In the Sicilian Najdorf there is a well known line which ends in threefold repition (if both players want).

[Event "NN"]
[ECO "B90"]
[Opening "Sicilian Defense: Najdorf Variation, English Attack, Anti-   English"]
[FEN ""]

1. e4 c5 2. Nf3 d6 3. d4 cxd4 4. Nxd4 Nf6 5. Nc3 a6 6. Be3 Ng4 7. Bc1 Nf6 8. Be3 Ng4

Since white retreats the bishop to c1, the positions after 5. ... a6 and 7. Bc1 are almost the same (only difference is that the knight is on g4 now) and since it is black's turn, black gained a tempo (if not for the knight's position on g4).

Two questions on this line:

  • Why does black have to return the knight to f6? Aren't there any other useful moves that he could make and only retreat when being attacked?
  • Ignoring any match situation or Elo difference, etc, both players insisting on this repetition, does it mean that Be3 is the best 6th move in the Najdorf for white and does it mean that normal play with 6... e5 is very dangerous for black?

2 Answers 2


does it mean that Be3 is the best 6th move in the Najdorf for white and does it mean that normal play with 6... e5 is very dangerous for black?

"No" is the answer to the first question and "Not really but in any case, as hoacin points out, there are plenty of reasonable alternatives for black" is the answer to the second question.

Look, whether it is true or not, the vast numbers of cynical ordinary club players like me strongly suspect that every time a game like this was played it was preceded by the players meeting in the bar the night before and agreeing a draw and then picking their favourite "forced draw" variation.

When challenged the players will come out with standard BS along the lines of "Well, I spent hours preparing the X variation [say first 5 moves above] because I know my opponent plays that line a lot.
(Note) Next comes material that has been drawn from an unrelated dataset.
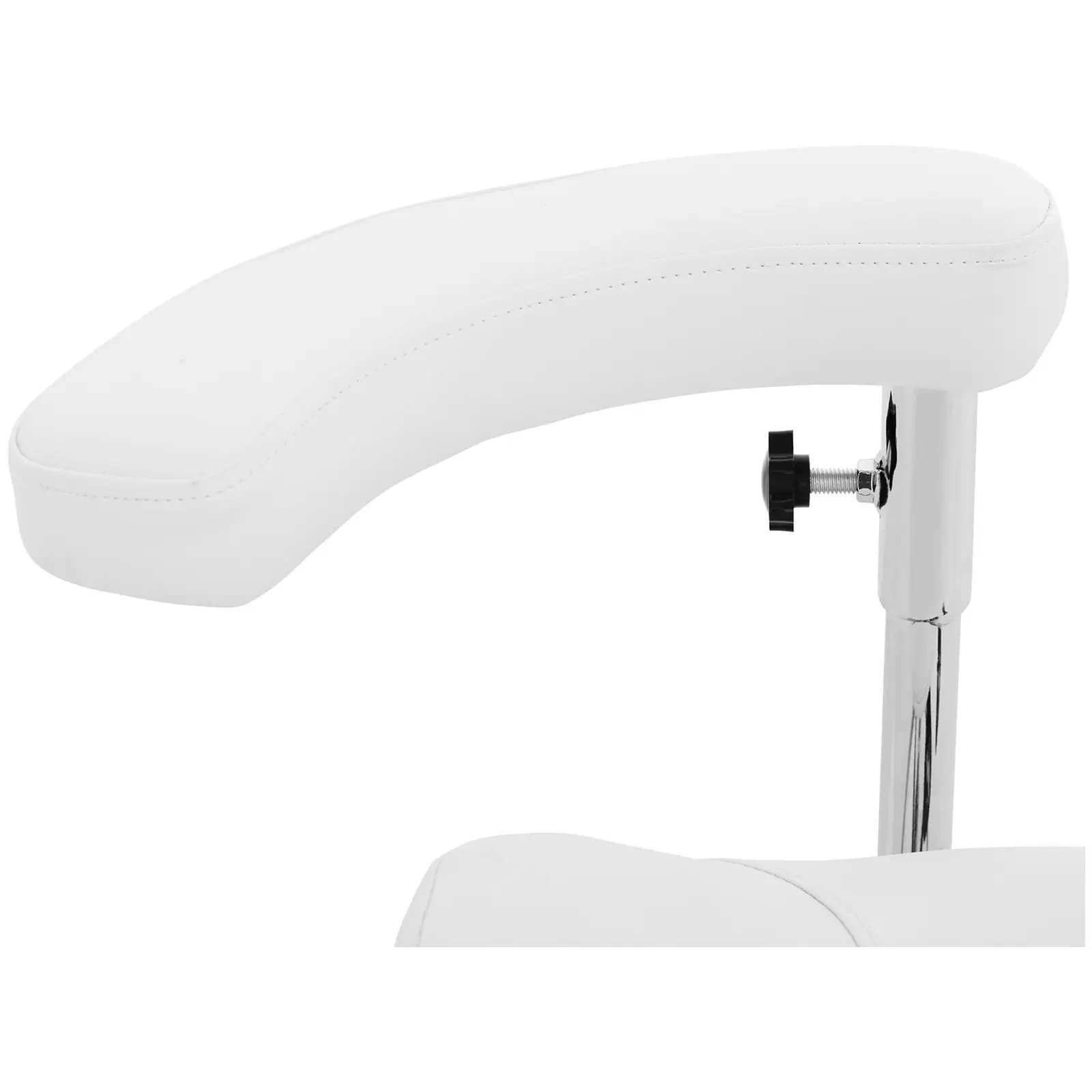 Taburete de estética con un reposabrazos - 51 - 61 cm - 150 kg - Blanco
All my preparation was based around move 6 and I expected he would play move y [obviously a different choice from the drawing variation] and when he didn't I had to fall back on the repetition line".

It is complete hogwash. Everybody knows it. But if both players have decided, for perfectly good reasons [tournament situation, tired after previous long hard game, minor illness - cold, stomach bug, etc., opponent is a close relative] that a draw is what they want then there isn't much anybody can do about.

  • Regarding the draw fixing, I wanted to exclude these cases in my second question. Commented Nov 17, 2016 at 15:33

He doesn't have to return, but it is probably the most flexible move. You can't hold knight's position on g4, you don't like going on e5 and the knight will be attacked by the most natural move in the world (Be2 or f3). White makes no concessions while black would make some.

e6 isn't possible Nc6 isn't Najdorf's favorite move g6 is dragon e5 is well met by Nf5

If Bc1 was easy to 'refute', it would never become popular in the first place.

I don't understand much the 2nd question.